Prior to the development of trade and commerce, movable property was “not esteemed of so high a nature, nor paid so much regard to by the law,” Blackstone tells us in his commentaries on the laws of England. Such property in transit was routinely confiscated by authorities or tariffed at exorbitant rates.
When commercial relations expanded, the quantity and value of personal property increased, and the law “learned to conceive different ideas of it.” Legal protection for movable property increased.
In parallel to the growth of commerce in movables centuries ago, commerce in information is on the rise today. It may be time to “conceive different ideas of it” as well—different ideas that accord information similar protection. This is what a group of amici have encouraged the Supreme Court to do in a brief on an important privacy case being argued this week.
In Clapper v. Amnesty International, the Gun Owners Foundation, Gun Owners of America, Inc., the U.S. Justice Foundation, the Downsize D.C. Foundation, DownsizeDC.org, and the Conservative Legal Defense and Education Fund have argued that the Court should recognize a property interest in confidential communications. Doing so would more clearly establish the standing of the respondents in this case to challenge the global wiretapping program Congress established in the FISA Amendments Act of 2008.
William J. Olson, lead counsel on the brief, articulated the issues well in an email distributing it:
Our amicus brief in the Clapper case extrapolates from the court’s holding in Jones and identifies the property interests at stake in this case as confidential communications that are critical to the practice of law and of the enterprise of journalism. Using a property analysis, the citizens in Clapper have a protectable property interest in their electronic communications as they do in their written communications. Thus, even though plaintiffs are not “targeted” by the Government, the Government’s contention that their search and seizure of plaintiffs’ communications is only “incidental” is unavailing.

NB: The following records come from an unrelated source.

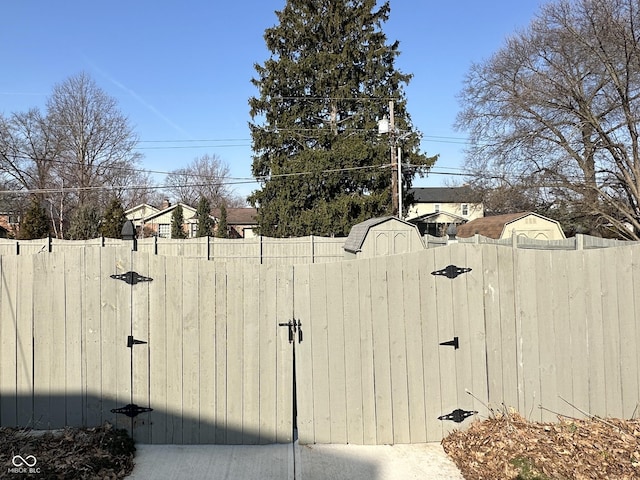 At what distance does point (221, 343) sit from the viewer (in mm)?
3611

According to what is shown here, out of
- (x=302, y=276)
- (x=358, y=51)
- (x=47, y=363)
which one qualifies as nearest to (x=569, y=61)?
(x=358, y=51)

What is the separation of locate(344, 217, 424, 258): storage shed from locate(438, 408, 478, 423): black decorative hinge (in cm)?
607

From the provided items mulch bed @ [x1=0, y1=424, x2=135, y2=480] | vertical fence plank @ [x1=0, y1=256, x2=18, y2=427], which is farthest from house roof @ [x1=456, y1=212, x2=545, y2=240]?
vertical fence plank @ [x1=0, y1=256, x2=18, y2=427]

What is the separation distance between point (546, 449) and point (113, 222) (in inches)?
902

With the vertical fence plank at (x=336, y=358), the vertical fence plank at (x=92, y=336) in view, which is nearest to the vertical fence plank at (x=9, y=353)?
the vertical fence plank at (x=92, y=336)

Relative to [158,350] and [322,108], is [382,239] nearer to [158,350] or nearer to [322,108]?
[158,350]

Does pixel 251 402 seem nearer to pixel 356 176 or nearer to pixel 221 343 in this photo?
pixel 221 343

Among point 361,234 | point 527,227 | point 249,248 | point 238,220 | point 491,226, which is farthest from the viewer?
point 238,220

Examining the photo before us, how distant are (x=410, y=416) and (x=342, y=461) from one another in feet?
2.18

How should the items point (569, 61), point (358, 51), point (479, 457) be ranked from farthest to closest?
point (358, 51)
point (569, 61)
point (479, 457)

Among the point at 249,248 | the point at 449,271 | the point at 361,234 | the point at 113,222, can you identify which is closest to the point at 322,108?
the point at 249,248

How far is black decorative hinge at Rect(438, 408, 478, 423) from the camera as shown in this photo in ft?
12.0

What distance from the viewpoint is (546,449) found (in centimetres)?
327

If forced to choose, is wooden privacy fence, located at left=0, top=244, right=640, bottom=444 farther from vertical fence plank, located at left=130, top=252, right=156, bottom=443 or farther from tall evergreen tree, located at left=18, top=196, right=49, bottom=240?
tall evergreen tree, located at left=18, top=196, right=49, bottom=240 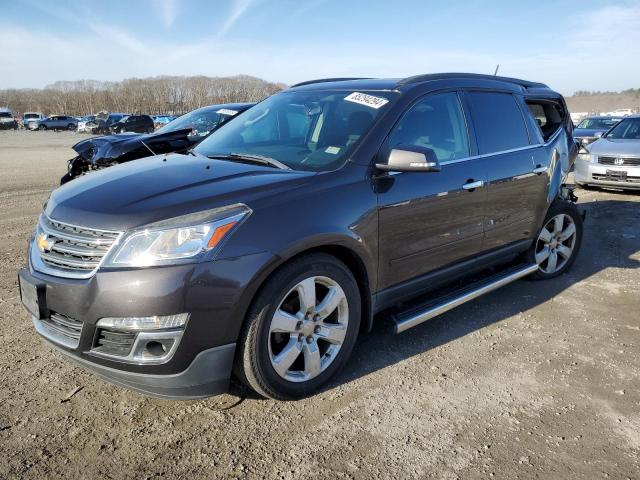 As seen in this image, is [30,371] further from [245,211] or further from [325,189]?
[325,189]

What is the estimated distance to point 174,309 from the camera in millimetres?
2301

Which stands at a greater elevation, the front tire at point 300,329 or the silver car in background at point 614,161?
the silver car in background at point 614,161

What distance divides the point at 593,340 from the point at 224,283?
2875 millimetres

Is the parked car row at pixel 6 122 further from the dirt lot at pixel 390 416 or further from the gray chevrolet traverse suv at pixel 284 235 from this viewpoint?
the gray chevrolet traverse suv at pixel 284 235

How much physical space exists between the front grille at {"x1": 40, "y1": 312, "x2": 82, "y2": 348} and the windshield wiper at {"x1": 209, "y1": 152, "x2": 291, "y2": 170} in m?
1.39

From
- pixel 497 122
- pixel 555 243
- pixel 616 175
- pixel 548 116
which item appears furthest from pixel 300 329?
pixel 616 175

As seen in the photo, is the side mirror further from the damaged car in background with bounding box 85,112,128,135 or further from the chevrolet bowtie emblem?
the damaged car in background with bounding box 85,112,128,135

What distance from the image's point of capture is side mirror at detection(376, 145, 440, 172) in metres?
2.92

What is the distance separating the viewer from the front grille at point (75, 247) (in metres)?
2.39

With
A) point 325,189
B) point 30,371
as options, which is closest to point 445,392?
point 325,189

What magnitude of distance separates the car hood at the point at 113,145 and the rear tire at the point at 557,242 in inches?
196

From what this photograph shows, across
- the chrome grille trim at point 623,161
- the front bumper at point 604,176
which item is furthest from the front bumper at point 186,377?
the chrome grille trim at point 623,161

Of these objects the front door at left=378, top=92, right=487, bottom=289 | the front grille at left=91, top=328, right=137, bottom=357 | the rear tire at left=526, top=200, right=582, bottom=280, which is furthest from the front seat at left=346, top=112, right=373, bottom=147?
the rear tire at left=526, top=200, right=582, bottom=280

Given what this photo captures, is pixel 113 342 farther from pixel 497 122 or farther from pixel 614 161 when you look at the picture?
pixel 614 161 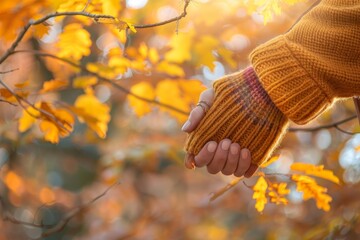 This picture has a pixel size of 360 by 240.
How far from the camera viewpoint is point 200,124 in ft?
4.31

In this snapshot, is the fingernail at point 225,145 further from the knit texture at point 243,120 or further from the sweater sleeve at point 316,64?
the sweater sleeve at point 316,64

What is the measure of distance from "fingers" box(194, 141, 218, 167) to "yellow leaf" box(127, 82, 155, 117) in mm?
1043

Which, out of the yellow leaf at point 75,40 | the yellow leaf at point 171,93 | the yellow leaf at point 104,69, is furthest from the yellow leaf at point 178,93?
the yellow leaf at point 75,40

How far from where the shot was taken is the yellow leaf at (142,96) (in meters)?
2.32

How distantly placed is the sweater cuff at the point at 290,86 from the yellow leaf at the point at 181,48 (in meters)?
1.14

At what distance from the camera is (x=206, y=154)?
4.20ft

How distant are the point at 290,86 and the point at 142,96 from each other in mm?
1292

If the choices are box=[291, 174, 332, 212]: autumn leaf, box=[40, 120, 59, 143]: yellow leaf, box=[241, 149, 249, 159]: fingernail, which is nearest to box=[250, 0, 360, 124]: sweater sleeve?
box=[241, 149, 249, 159]: fingernail

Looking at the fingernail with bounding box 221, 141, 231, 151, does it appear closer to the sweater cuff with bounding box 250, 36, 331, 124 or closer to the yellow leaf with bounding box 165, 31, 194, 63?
the sweater cuff with bounding box 250, 36, 331, 124

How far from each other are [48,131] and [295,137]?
3128 millimetres

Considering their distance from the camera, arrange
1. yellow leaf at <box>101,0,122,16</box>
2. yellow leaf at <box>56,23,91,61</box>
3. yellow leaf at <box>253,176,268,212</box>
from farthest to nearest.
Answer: yellow leaf at <box>56,23,91,61</box>, yellow leaf at <box>101,0,122,16</box>, yellow leaf at <box>253,176,268,212</box>

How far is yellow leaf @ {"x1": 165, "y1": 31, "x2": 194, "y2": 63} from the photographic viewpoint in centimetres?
243

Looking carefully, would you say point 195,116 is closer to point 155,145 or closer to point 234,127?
point 234,127

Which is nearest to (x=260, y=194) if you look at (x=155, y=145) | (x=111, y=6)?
(x=111, y=6) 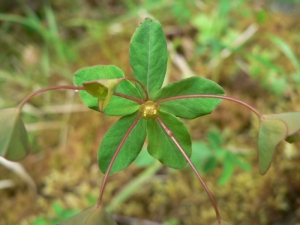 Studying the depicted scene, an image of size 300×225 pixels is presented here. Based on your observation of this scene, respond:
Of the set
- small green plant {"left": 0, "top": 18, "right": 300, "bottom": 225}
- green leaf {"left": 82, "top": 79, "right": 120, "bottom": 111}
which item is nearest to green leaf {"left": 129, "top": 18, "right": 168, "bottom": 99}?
small green plant {"left": 0, "top": 18, "right": 300, "bottom": 225}

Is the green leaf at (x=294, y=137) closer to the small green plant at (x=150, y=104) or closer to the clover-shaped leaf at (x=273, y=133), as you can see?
the clover-shaped leaf at (x=273, y=133)

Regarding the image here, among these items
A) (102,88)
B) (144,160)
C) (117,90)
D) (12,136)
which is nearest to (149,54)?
(117,90)

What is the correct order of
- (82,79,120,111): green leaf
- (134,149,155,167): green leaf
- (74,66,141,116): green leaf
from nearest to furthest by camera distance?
(82,79,120,111): green leaf
(74,66,141,116): green leaf
(134,149,155,167): green leaf

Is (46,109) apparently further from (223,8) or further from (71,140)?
(223,8)

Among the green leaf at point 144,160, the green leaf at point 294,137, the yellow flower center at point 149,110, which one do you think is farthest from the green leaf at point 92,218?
the green leaf at point 144,160

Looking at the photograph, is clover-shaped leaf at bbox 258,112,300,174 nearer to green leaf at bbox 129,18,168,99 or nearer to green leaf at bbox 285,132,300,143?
green leaf at bbox 285,132,300,143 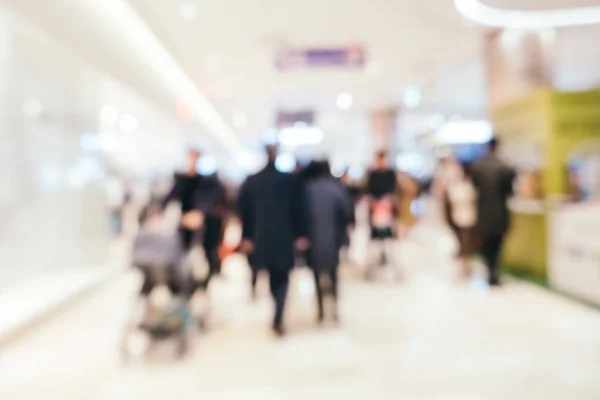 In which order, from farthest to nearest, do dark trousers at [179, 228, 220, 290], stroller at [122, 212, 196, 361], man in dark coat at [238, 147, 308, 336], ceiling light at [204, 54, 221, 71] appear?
1. ceiling light at [204, 54, 221, 71]
2. dark trousers at [179, 228, 220, 290]
3. man in dark coat at [238, 147, 308, 336]
4. stroller at [122, 212, 196, 361]

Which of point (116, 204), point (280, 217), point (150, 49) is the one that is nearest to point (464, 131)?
point (116, 204)

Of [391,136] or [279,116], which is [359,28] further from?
[391,136]

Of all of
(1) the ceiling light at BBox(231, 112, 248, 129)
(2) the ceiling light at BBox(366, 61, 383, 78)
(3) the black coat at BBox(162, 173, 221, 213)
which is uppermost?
(1) the ceiling light at BBox(231, 112, 248, 129)

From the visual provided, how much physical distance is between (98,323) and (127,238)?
Answer: 25.5ft

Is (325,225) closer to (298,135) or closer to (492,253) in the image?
(492,253)

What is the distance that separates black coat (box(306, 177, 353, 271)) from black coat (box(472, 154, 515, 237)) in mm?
2205

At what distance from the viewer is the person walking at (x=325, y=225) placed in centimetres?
434

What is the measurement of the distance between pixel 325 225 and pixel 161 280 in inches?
57.3

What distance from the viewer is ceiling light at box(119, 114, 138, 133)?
11.3 m

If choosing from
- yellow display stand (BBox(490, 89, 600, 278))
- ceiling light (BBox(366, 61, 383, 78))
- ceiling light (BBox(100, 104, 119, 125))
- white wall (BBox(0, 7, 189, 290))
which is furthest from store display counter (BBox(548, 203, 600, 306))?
ceiling light (BBox(100, 104, 119, 125))

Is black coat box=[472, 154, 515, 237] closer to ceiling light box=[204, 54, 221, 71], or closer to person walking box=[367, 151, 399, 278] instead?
person walking box=[367, 151, 399, 278]

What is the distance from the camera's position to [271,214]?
411 cm

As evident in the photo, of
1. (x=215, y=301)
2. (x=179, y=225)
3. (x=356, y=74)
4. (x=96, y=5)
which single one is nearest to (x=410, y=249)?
(x=356, y=74)

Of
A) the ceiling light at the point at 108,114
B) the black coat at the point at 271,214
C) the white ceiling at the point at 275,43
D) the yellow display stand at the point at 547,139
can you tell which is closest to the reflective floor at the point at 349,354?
the black coat at the point at 271,214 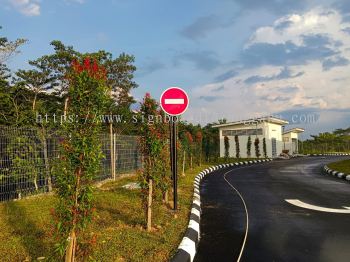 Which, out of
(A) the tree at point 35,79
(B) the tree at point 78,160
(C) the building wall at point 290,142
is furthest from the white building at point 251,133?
(B) the tree at point 78,160

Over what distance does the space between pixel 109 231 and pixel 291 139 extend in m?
48.3

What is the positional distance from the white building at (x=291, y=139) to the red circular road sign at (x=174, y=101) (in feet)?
136

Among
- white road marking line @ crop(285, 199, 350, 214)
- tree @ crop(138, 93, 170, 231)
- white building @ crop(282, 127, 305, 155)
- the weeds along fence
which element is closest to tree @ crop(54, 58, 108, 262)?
tree @ crop(138, 93, 170, 231)

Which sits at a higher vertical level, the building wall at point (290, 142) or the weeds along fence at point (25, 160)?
the building wall at point (290, 142)

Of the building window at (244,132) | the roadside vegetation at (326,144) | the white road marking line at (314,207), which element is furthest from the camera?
the roadside vegetation at (326,144)

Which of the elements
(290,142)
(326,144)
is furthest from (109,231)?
(326,144)

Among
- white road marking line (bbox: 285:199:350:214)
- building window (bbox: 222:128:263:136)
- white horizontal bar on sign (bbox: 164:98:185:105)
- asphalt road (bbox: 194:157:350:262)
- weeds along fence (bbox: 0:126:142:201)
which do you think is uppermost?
building window (bbox: 222:128:263:136)

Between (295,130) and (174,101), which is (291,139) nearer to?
(295,130)

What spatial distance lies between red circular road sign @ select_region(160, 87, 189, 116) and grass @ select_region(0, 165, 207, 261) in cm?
225

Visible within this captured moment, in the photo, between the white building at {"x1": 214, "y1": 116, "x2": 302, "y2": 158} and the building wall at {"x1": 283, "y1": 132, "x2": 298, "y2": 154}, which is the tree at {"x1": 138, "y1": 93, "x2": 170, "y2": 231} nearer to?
the white building at {"x1": 214, "y1": 116, "x2": 302, "y2": 158}

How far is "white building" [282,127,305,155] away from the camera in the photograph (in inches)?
1906

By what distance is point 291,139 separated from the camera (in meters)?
51.3

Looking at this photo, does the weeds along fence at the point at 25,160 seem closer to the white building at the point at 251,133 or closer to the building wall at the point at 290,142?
the white building at the point at 251,133

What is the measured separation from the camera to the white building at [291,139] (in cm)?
4840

Jones v. United States, of course, is the case decided in January, in which government agents tracked a suspect’s car for four weeks using a GPS device without a valid warrant. The Supreme Court found unanimously that this violated the Fourth Amendment. My article in the most recent Cato Supreme Court Review (2011-12) analyzes the case, and you can get a taste of that analysis in the most recent Cato Policy Report (September/October 2012).
I also discussed the Fourth Amendment status of communications in the Cato Institute’s brief in Florida v. Jardines, which is also being argued in the Supreme Court this week. The Court found Fourth Amendment protection for postal mail in an 1877 case, but stumbled when faced with the next iteration of communications technology.
In the year this Court decided Ex Parte Jackson, both Western Union and the Bell Company began establishing voice telephone services. Gerald W. Brock, The Second Information Revolution 28 (Harvard University Press, 2003). Now, instead of written messages in the post, representations of the human voice itself began moving across distance, at light speed, in a way few people understood. This is the technology this Court confronted in Olmstead v. United States, 277 U.S. 438 (1928).
The Court handled this technological development poorly. Chief Justice William Taft fixed woodenly on the material things listed in the Fourth Amendment’s search and seizure clause. Wiretapping had not affected any of the defendants’ tangible possessions, he found, so it had not affected their Fourth Amendment rights. Olmstead, 277 U.S. at 464. In dissent Justice Butler noted how “contracts between telephone companies and users contemplate the private use” of telephone facilities. “The communications belong to the parties between whom they pass,” he said. Olmstead, 277 U.S. at 487 (Butler, J., dissenting). Cf. Ex Parte Jackson, 96 U.S. 727 (1877) (“Letters and sealed packages … are as fully guarded from examination and inspection … as if they were retained by the parties forwarding them in their own domiciles.”).
Florida v. Jardines is not a communications case. The issue is whether the sniff of a trained narcotics-detection dog at the front door of a house is a Fourth Amendment search requiring probable cause. Cato’s brief invites the Court to dispense with the unworkable “reasonable expectation of privacy” test, using the plain meaning of “search” instead.
Black’s law dictionary defines “search” as “looking for or seeking out that which is otherwise concealed from view.” Smells that only trained dogs can detect are indeed otherwise concealed from humans.
Familiar though ordinary pet dogs are, a trained dog is a chromatograph. The Court should follow the Fourth Amendment’s language and precedents like Kyllo v. United States to find that a drug-dog’s sniff is a search.
A companion to Jardines, Florida v. Harris, is being argued the same day. That case will examine the sufficiency of drug-dogs as evidence of wrongdoing, an issue that has not received careful examination in the past.